> Problem description:
Whenever a line in the entries below contains "blue", copy that line.

Scraped caption text data:
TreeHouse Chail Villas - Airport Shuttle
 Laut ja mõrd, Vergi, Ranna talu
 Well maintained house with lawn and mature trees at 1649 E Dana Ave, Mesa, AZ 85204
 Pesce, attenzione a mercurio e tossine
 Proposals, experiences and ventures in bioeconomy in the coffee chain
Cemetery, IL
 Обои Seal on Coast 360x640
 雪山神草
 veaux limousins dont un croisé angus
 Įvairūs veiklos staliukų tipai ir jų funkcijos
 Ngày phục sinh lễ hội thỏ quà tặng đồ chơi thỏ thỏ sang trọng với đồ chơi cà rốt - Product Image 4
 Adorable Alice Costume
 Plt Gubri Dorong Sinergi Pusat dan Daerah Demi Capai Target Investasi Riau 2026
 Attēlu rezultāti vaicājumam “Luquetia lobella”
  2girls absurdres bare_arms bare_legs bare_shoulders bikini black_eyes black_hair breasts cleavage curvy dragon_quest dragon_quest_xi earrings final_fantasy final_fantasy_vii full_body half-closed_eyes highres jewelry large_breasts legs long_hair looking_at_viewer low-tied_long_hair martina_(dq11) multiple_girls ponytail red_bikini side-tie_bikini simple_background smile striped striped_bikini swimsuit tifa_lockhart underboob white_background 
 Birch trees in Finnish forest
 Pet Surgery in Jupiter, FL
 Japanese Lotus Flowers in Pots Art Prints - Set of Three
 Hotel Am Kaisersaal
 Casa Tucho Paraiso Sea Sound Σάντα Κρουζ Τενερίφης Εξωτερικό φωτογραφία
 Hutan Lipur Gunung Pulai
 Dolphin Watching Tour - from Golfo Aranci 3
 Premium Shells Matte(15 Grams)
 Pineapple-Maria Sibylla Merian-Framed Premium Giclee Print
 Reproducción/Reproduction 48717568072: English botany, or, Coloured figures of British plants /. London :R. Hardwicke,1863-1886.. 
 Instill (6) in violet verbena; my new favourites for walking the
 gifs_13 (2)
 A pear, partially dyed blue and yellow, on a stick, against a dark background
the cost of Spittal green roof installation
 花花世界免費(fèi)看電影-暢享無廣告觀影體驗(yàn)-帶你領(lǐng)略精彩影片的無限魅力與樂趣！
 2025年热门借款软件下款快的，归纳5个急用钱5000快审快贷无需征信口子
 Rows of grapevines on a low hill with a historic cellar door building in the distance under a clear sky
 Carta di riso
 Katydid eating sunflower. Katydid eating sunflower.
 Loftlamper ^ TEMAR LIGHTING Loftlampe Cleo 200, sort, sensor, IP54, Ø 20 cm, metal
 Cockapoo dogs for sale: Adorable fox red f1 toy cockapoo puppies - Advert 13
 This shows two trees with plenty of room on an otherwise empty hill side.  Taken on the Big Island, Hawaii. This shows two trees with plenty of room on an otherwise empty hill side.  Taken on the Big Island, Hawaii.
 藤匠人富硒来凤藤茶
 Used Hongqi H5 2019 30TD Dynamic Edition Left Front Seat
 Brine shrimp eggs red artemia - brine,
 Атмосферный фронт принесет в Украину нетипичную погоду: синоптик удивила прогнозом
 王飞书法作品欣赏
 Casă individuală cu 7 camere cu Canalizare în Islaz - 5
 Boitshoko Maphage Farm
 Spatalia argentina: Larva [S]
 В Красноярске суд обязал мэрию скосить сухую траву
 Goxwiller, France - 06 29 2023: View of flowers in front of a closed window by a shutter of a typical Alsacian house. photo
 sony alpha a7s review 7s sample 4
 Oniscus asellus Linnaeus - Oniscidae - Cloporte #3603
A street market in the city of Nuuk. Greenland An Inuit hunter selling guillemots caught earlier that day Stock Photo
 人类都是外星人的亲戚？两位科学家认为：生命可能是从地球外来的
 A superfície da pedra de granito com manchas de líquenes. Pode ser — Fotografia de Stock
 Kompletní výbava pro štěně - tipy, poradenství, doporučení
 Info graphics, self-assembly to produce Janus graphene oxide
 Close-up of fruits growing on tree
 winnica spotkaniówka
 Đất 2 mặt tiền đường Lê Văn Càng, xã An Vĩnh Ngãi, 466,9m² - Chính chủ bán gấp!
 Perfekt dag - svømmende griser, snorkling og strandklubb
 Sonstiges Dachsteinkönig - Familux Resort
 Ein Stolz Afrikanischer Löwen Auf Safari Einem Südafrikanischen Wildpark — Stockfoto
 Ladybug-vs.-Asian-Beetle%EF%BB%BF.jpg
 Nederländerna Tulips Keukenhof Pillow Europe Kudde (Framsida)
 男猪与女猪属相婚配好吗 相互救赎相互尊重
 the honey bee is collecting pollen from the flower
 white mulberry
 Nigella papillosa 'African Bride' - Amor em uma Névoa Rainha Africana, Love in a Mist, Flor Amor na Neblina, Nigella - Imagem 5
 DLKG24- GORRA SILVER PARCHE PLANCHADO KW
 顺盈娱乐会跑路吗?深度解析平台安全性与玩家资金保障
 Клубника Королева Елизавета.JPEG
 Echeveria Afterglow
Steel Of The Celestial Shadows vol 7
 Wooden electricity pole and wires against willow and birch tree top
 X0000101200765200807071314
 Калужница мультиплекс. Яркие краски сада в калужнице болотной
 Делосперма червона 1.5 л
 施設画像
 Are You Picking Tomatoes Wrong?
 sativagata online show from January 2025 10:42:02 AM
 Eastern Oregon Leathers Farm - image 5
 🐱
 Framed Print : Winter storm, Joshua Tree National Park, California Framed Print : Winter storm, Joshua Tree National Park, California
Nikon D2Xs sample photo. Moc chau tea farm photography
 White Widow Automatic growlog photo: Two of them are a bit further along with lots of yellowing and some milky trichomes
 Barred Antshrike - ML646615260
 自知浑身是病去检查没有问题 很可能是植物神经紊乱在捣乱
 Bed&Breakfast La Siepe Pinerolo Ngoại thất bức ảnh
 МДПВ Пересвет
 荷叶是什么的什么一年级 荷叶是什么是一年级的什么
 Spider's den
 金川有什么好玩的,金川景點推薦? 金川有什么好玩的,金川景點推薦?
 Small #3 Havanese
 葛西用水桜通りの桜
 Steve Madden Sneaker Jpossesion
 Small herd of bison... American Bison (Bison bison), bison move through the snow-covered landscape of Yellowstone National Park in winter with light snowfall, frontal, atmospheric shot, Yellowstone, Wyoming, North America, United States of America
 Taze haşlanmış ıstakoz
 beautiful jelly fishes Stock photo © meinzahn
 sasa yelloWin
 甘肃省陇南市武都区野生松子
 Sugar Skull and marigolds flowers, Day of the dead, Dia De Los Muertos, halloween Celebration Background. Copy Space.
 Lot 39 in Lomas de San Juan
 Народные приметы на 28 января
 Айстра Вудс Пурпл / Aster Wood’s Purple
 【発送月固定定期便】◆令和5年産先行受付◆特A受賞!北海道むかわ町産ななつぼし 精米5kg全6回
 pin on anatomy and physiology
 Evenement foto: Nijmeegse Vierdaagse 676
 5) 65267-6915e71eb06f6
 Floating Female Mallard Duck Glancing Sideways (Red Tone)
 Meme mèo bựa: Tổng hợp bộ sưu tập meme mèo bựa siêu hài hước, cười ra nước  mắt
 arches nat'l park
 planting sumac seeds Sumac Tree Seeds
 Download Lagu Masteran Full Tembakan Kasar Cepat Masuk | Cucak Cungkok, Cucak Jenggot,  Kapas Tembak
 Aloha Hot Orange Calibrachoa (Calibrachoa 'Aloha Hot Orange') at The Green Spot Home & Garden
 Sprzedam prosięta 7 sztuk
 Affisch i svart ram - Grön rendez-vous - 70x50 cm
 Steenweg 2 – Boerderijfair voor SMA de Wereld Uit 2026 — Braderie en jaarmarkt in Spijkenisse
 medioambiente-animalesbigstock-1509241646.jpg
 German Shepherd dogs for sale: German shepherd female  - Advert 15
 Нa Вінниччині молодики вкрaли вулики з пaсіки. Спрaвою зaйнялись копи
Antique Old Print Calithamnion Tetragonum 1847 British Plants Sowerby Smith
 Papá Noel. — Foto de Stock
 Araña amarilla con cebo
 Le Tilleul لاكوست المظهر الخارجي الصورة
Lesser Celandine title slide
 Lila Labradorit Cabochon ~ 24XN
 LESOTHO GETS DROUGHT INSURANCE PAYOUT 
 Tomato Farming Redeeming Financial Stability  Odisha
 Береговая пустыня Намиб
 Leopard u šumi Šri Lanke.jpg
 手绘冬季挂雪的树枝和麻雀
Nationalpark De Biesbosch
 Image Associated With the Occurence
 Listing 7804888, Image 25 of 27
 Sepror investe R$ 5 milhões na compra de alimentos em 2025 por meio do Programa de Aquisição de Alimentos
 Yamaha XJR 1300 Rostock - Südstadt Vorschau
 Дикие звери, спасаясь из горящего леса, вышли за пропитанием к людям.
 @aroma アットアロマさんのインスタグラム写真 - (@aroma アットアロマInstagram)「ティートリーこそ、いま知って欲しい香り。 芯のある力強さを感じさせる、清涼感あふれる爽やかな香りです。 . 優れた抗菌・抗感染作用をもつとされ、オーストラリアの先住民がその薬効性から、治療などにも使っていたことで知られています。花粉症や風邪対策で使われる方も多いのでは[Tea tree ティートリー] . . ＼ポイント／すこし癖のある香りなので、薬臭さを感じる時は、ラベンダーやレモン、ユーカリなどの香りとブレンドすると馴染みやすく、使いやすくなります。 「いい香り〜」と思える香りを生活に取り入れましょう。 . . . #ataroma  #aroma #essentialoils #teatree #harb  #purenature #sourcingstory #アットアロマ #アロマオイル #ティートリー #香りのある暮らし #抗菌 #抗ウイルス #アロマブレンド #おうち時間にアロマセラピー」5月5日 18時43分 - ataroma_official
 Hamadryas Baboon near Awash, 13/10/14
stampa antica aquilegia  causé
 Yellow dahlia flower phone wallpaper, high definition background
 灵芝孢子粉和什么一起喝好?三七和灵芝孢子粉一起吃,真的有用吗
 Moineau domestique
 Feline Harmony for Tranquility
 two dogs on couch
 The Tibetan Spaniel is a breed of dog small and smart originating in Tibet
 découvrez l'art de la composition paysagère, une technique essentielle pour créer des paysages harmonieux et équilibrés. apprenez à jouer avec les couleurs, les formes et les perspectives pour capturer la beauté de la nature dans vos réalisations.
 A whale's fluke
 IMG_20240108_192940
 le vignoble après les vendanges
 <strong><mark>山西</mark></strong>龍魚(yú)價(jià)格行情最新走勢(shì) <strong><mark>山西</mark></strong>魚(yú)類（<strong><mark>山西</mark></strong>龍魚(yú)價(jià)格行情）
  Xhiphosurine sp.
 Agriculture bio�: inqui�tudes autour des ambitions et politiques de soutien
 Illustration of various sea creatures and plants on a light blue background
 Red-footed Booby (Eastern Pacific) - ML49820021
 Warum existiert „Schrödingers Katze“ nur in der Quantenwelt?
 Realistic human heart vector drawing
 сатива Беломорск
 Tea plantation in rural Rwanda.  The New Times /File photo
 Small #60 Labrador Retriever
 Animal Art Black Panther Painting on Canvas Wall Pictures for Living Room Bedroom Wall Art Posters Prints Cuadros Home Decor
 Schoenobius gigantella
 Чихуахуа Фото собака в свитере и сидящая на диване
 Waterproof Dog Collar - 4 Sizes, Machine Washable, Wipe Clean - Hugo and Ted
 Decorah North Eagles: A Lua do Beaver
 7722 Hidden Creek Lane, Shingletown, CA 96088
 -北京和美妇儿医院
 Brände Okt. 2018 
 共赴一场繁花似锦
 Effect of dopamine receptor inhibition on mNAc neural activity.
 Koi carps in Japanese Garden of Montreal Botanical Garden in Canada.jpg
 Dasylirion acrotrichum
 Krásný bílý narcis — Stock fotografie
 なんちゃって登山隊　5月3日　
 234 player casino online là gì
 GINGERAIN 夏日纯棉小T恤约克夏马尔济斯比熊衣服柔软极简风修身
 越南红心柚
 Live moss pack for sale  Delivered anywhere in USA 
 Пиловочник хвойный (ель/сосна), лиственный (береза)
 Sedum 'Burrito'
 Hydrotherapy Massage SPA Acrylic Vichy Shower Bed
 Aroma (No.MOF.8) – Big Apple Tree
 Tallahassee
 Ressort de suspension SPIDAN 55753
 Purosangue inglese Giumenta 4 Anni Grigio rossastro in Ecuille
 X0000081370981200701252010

> Result:
 A pear, partially dyed blue and yellow, on a stick, against a dark background
 Illustration of various sea creatures and plants on a light blue background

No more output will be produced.